Many of the Debtors’ vendors and manufacturers suffered heavy losses as a result of the Cabela’s-Bass Pro Shop merger, Dick’s Sporting Good’s pull back from the market, and the recent Gander Mountain and AcuSport bankruptcies. Those losses adversely impacted the terms and conditions on which such vendors and manufacturers were willing to extend credit to the Debtors. With respect to the Gander Mountain and AcuSport bankruptcies, the dumping of excess product into the marketplace pushed prices—and margins— even lower. The resulting tightening of credit terms eroded the Debtors’ sales and further contributed to the Debtors’ tightening liquidity.
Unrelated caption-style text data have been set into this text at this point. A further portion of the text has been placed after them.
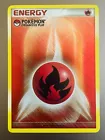 Fire Energy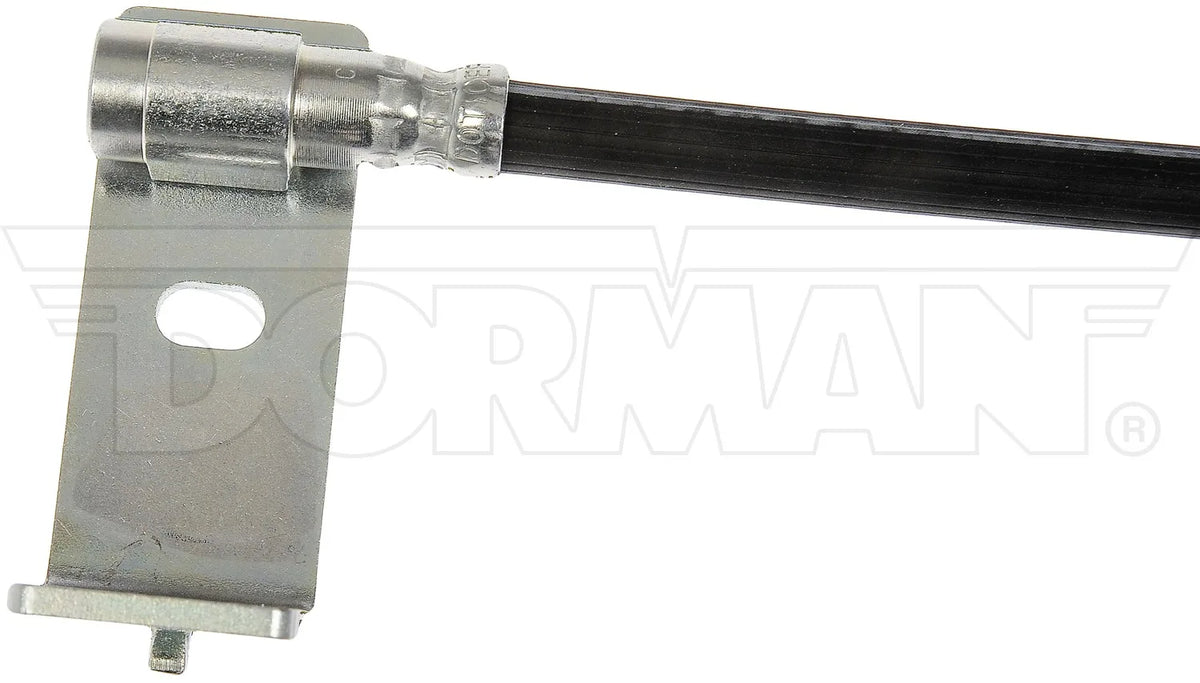 Dorman H622737 2017-2022 Ford F-350 Super Duty Brake Hydraulic Hose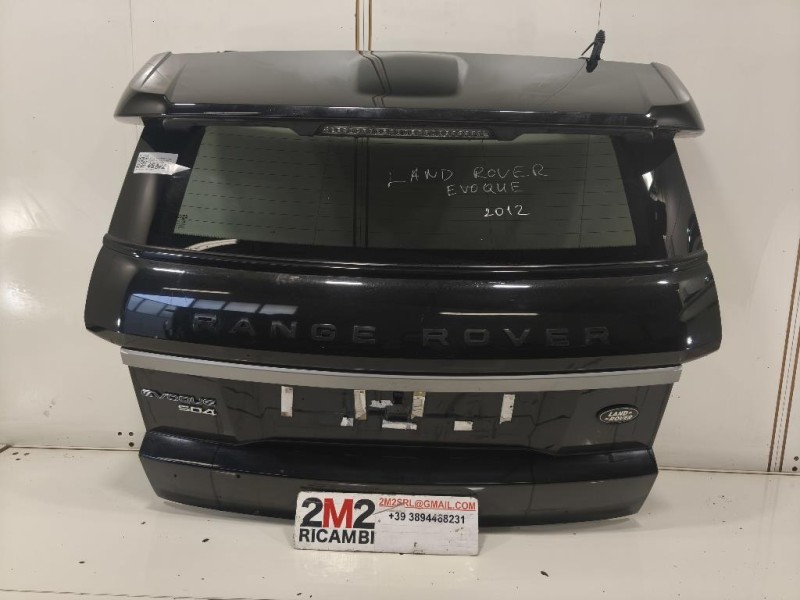 Portello POST LR181166 Land Rover Range Rover Evoque I 2011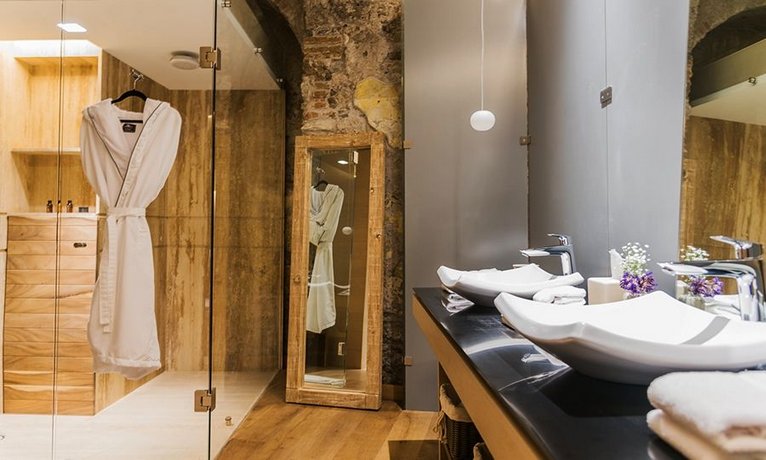 Cartesiano Boutique & Wellness Hotel (ex. Hotel Cartesiano Puebla)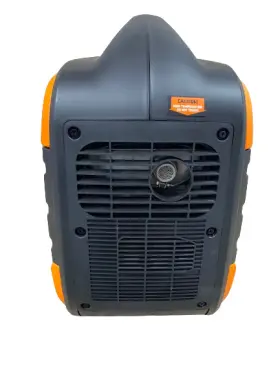 V2300SQI VIKING POWER EQUIPMENT Inverter Generator Clean #3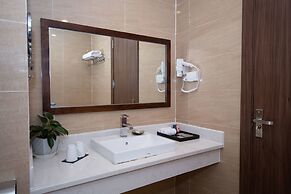 Muong Thanh Sapa Hotel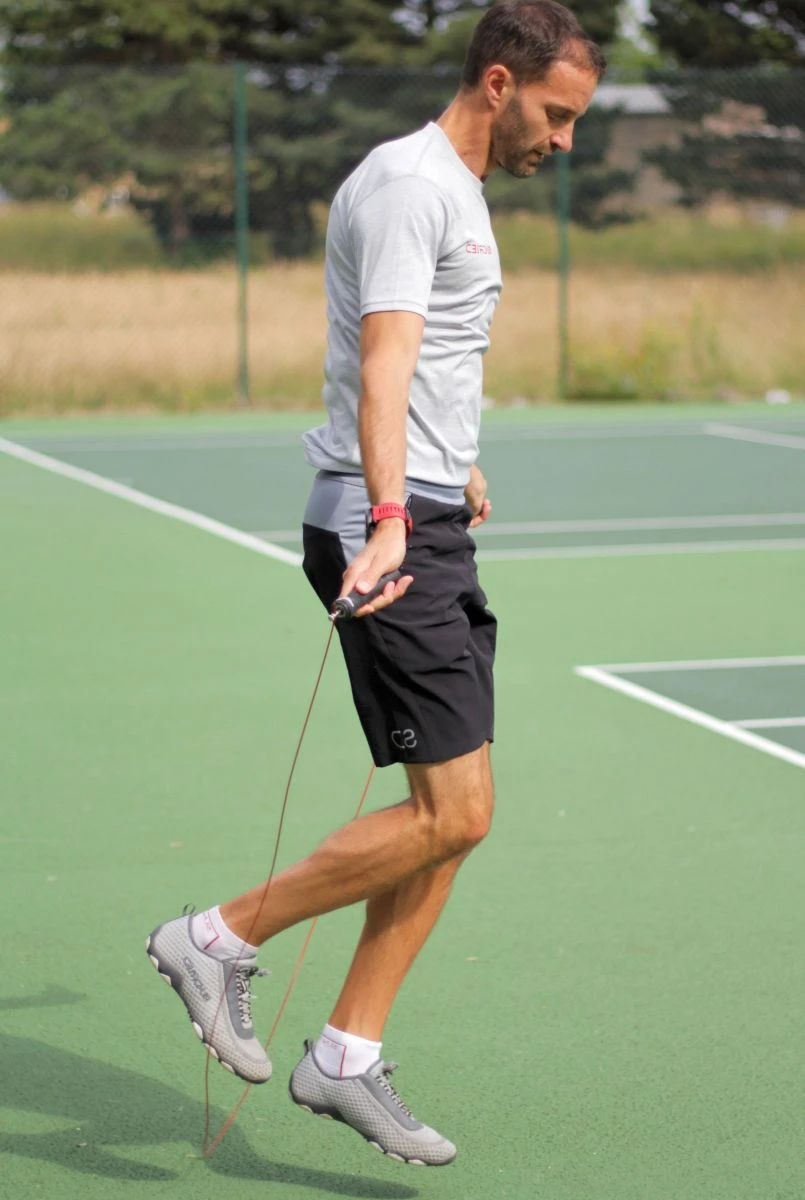 İp Atlama (Jump Rope) Kaç Kalori Yarım Saat Yürüyüş Kaç Kalori 1 Saat Yürüyüş Kaç Kalori Yakar Yaktırır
The company also blames some usual suspects for its chapter 11 filing. First, weather. Weather ALWAYS gets a bad rap. And, of course, the debt.

Riiiiiight. About that debt. When we previously asked “Who is Financing Guns?,” the answer, in the case of Remington, was Bank of America Inc. ($BAC)Wells Fargo Inc. ($WFC) and Regions Bank Inc. ($RF). Likewise here. Those same three institutions make up the company’s ABL lender roster. We’re old enough to remember when banks paid lip service to wanting to do something about guns.

One other issue was the company’s inability to…wait for it…REALIZE CERTAIN SUPPLY CHAIN SYNERGIES after acquiring certain assets from once-bankrupt competitor AcuSport Corporation. Per the company:

The lower than anticipated increase in customer base following the AcuSport Transaction magnified the adverse effects of the market factors discussed above and resulted in a faster than expected tightening of the Debtors’ liquidity and overall deterioration of the Debtors’ financial condition.

The company then ran into issues with its pre-petition lenders and its vendors and the squeeze was on. Recognizing that time was wearing thin, the company hired Houlihan Lokey Inc. ($HLI) to market the assets. No compelling offers came, however, and the company determined that a chapter 11 filing “to pursue an orderly liquidation…was in the best interest of all stakeholders.

R.I.P. Sportco.

*****

But not before you get in one last fight.

The glorious thing about first day papers is that they provide debtors with the opportunity to set the tone in the case. The First Day Declaration, in particular, is a narrative. A narrative told to the judge and other parties-in-interest about what was, what is, and what may be. That narrative often explains why certain other requests for relief are necessary: that is, that without them, there will be immediate and irreparable harm to the estate. The biggest one of these is typically a request for authority to tap a committed DIP credit facility and/or cash collateral to fund operations. On the flip side of that request, however, are the company’s lenders. And they often have something to say about that — objections over, say, the use of cash collateral are common.

But you don’t often see an objector re-write the entire frikken narrative and file it prior to the first hearing in the case.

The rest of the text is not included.